Then the excitement of the lookers-on rose to its highest pitch. Those amongst the convicts who had earned a high criminal reputation were received with loud applause, which they acknowledged with a kind of haughty modesty. Many of the convicts carried in their hands hats which they had made from the straw supplied to them for bedding. One young man, or rather a boy, for he could not have been more than seventeen years of age, was much applauded. He had made himself an entire garment of straw, and came bounding into the yard, turning a succession of somersaults. He was as lithe and active as a serpent, and had been condemned to the galleys for theft. On his appearance there was a frenzied clapping of hands, and loud shouts of admiration. It was a frightful thing to witness this interchange of compliments between the veritable convicts and the aspirants to that distinction. As they came into the yard they were pushed and hustled between a double rank of the guards of the galleys in anticipation of the medical inspection. Then were the last efforts made to avoid the dreaded galleys, some pretending that they were lame, others that their eyesight was defective, and a hundred other excuses. But in most cases they were found to be in quite good enough health for the galleys, and they resigned themselves at once to their fate with utter carelessness, appearing entirely to forget the pretended ailments of a lifetime. The iron barred gate of the little court was now opened, and one of the guards commenced calling the roll, which was arranged alphabetically; and each convict, after answering his name, took up a position by the side of the comrade whom the chance of the initial letter had designated as his companion. Thus, if a convict had a friend, the odds were that he would be separated from him and linked to an unknown—another addition to their punishment.

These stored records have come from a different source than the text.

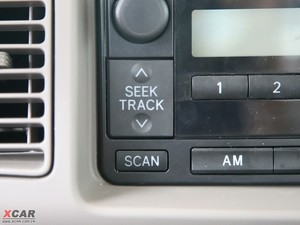 20091.6G Ԅ؄e п؅^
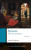 Spinoza. L’etica del quotidiano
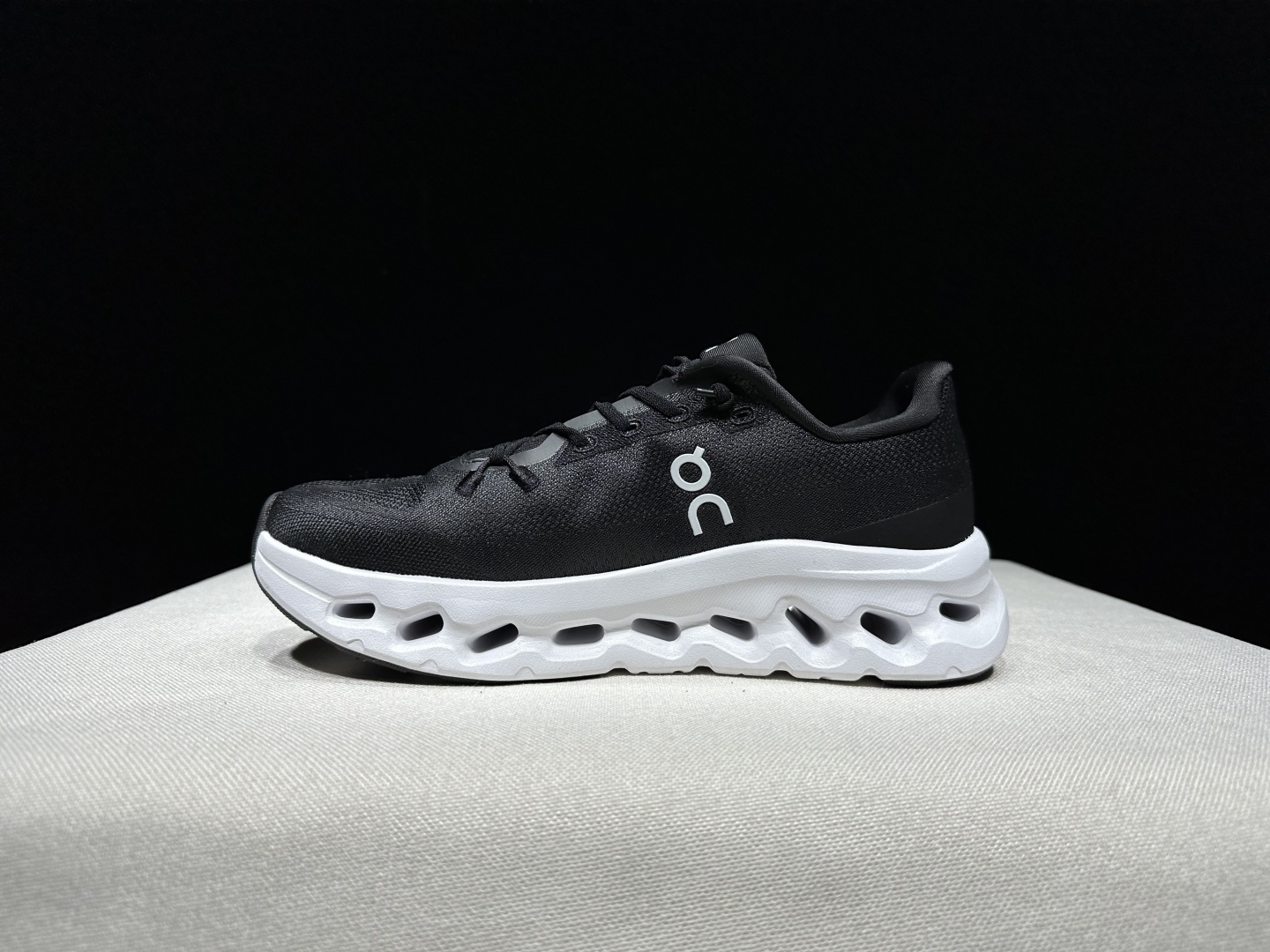 Designer Sneakers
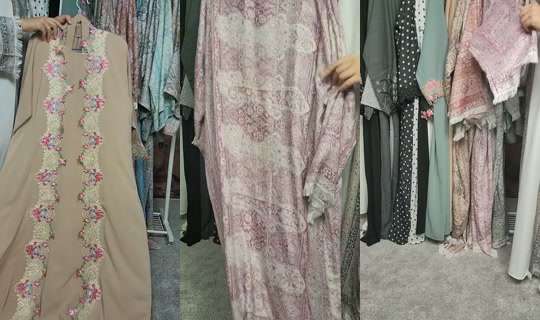 alhayaatabayas's Stream - Jul 27, 2026, 11:08 PM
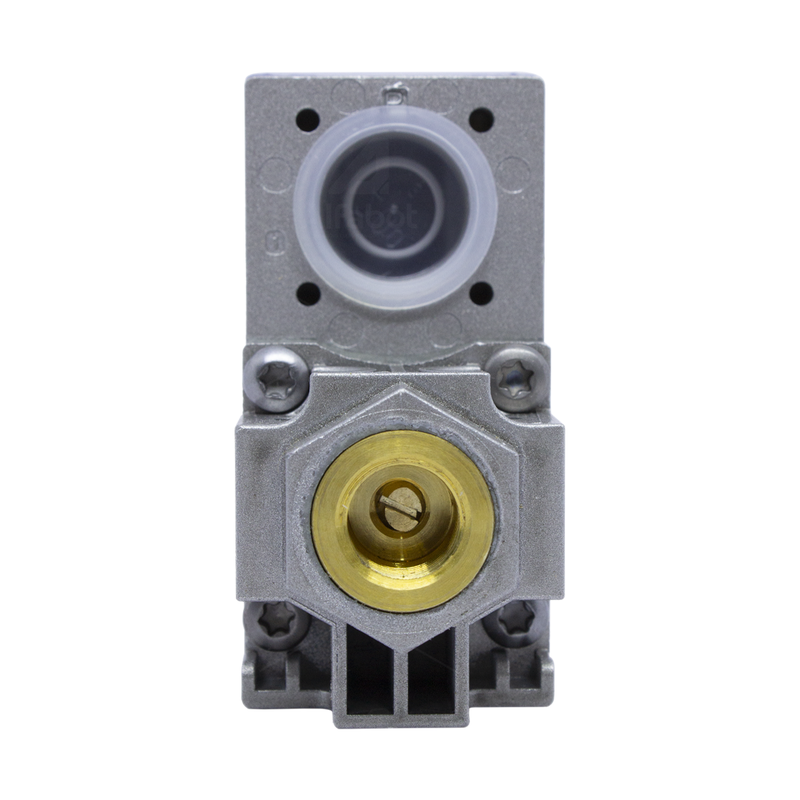 xmlb070d2s11 alfabot 2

When about thirty had been collected, the gate was again closed. One of the guards, forming them into line with blows of his stick, threw before each one a coarse shirt and a pair of trousers, and at the word of command they began to undress. And now a fresh and unexpected torture began. Up to this time the weather had been very fine; and if the October breeze was a little cold, still the rays of the sun were very grateful. But scarcely had the convicts removed their prison rags, and whilst the suspicious guards were examining them as they stood bare and naked before them, than the sky clouded over, and a heavy shower descended, flooding the courtyard with torrents of rain.

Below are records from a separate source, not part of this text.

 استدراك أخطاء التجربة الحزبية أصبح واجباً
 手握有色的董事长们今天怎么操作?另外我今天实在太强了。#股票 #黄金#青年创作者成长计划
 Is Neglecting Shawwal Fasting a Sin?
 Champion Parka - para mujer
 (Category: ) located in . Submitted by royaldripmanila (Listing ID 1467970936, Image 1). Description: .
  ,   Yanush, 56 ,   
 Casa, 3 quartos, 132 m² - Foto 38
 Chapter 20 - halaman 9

In the twinkling of an eye every one except the guards and the galley-slaves had left the courtyard, and had sought shelter under the gateways.
The rain still continued to fall, and nothing was to be seen but the naked bodies of the convicts glistening in the wet. A gloomy silence had succeeded their boastful fanfaronades. They shivered, and their teeth chattered; their emaciated legs and knotty knees trembled beneath the weight of their bodies, and it was pitiable to see them wrap the sodden shirts around their limbs, which were blue with the cold. Shirts and trousers were alike dripping with the rain; nudity would have been preferable to such a covering. One convict only, an elderly man, preserved his gaiety, complaining that “this was not in the programme.” He endeavoured to dry his soaking shirt, and shook his fist at the clouds.
When they had put on their travelling garb, they were collected in parties of twenty or thirty into the corners of the yard where the chains had been deposited. The chains were long and massive, and at every two feet were two shorter transverse ones terminating in a collar, which was rivetted on the neck of the galley-slave during his journey to his destination. When these chains were spread along the ground they resembled the backbone of some huge fish.
The convicts were now ordered to sit down on the muddy pavement; the collars were fitted to their necks; then the blacksmiths, carrying a portable anvil, fixed the rivets with heavy blows of a sledge-hammer.
This was a terrible moment; even the boldest amongst the convicts changed colour.
Every blow of the hammer as it fell on the anvil made the chin of the patient quiver; the slightest movement either forwards or backwards would have crushed the skull like a nutshell.
When this operation had been concluded, an appearance of gloom came over them; nothing could now be heard except the clanking of the chain, and at intervals a cry, and the sound of a blow, as the canes of the guards fell heavily upon the refractory convicts. Some of them wept, some trembled and bit their lips. I gazed with terror upon all these sinister faces in their iron frames.
So there were three acts in this lugubrious drama—the visit of the doctors, the visit of the gaolers, and the fixing of the chain. Suddenly a ray of sunlight appeared. From the conduct of the convicts it would have seemed that this gleam of light had set every brain on fire. They sprang to their feet with an unanimous effort. The five chains of criminals joined hands, and whirled in a mad dance round the lamp-post in the centre of the court, until the brain grew dizzy with watching their evolutions. They shouted out a song of the galleys, a slang romance set sometimes to a plaintive air, and at others to a gay and rollicking tune. Loud cries were heard, the panting of overtasked chests, and every now and then mysterious words were interchanged. The clanking of the chains served as the orchestra for the song, in itself more discordant than its accompaniment. Should I have desired to see a representation of the revels of demons, I could not have selected a better or a worse example.